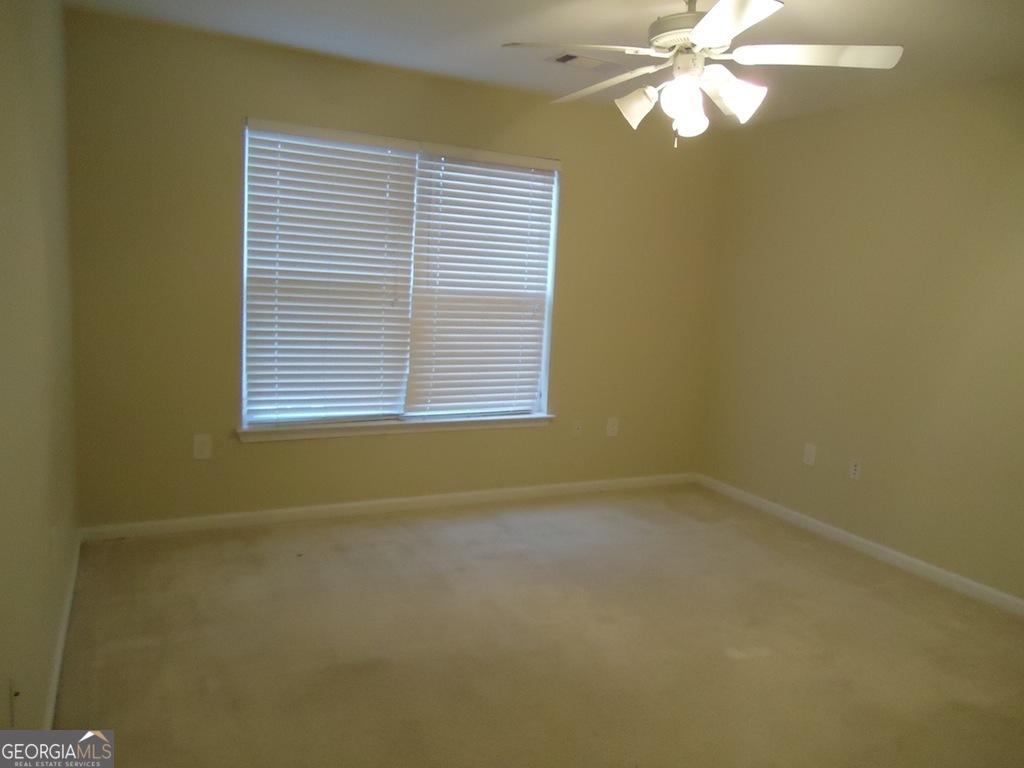 1035 South Barnett Shoals Road, Unit 1012 Athens, GA 30605 - Photo 26 of 27 a view of an empty room with a window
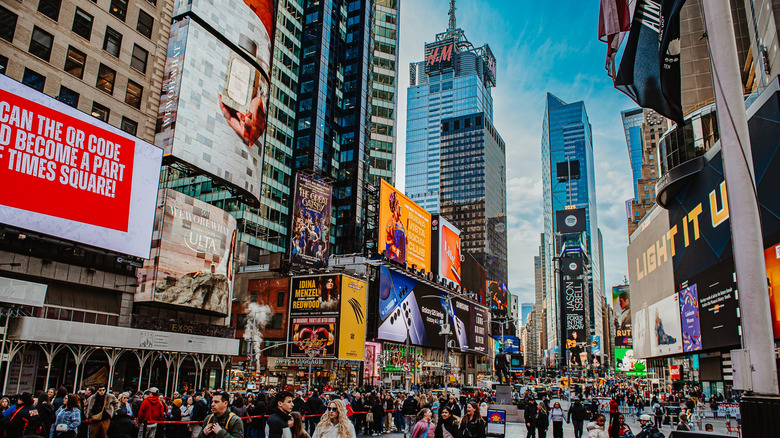A busy street with a crowd and advertisements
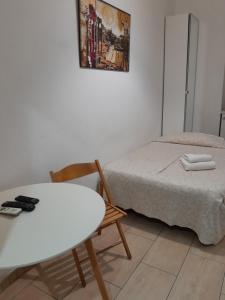 a small room with a bed and a table and chair at Palma Residence in Rome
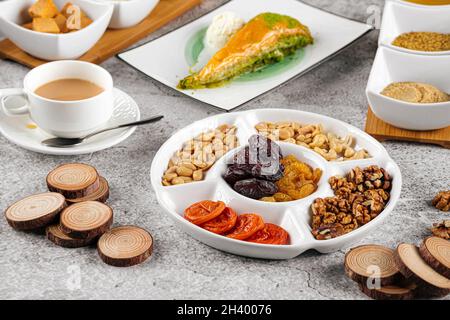 Eastern dessert tea set with nuts and dried fruits Stock Photo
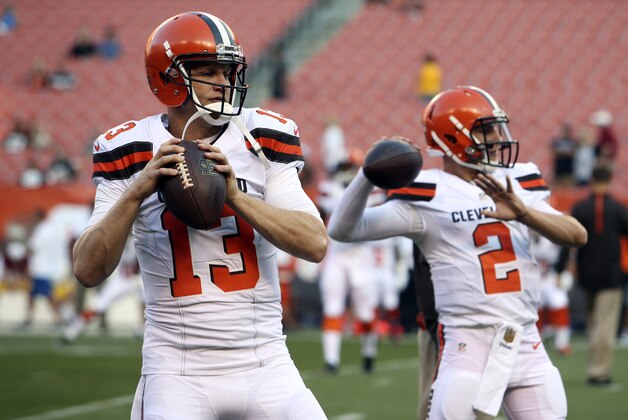 In this Thursday, Aug. 13, 2015 photo, Cleveland Browns quarterbacks Josh McCown (13) and Johnny Manziel (2) warm up before an NFL preseason football game between the Browns and the Washington Redskins in Cleveland. McCown doesn't view Manziel as a threat, but as a teammate to teach. The veteran quarterback was signed by Cleveland to stabilize the position and help Manziel following his turbulent rookie season. So far, the plan has been flawless. (AP Photo/Ron Schwane)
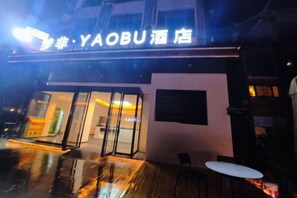 A hotel entrance with a glass facade, a signboard, and a small outdoor seating area. - Mengfei Hotel (Liuzhou Yaobu Old Town) (Liuzhou)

# EXERCISE INSTRUCTIONS
Print only the lines from the opening line of the listing to the line containing "In this Thursday, Aug.", inclusive, exactly as they appear and without pictures.

# SOLVED EXERCISE
 1035 South Barnett Shoals Road, Unit 1012 Athens, GA 30605 - Photo 26 of 27 a view of an empty room with a window
A busy street with a crowd and advertisements
 a small room with a bed and a table and chair at Palma Residence in Rome
 Eastern dessert tea set with nuts and dried fruits Stock Photo
 In this Thursday, Aug. 13, 2015 photo, Cleveland Browns quarterbacks Josh McCown (13) and Johnny Manziel (2) warm up before an NFL preseason football game between the Browns and the Washington Redskins in Cleveland. McCown doesn't view Manziel as a threat, but as a teammate to teach. The veteran quarterback was signed by Cleveland to stabilize the position and help Manziel following his turbulent rookie season. So far, the plan has been flawless. (AP Photo/Ron Schwane)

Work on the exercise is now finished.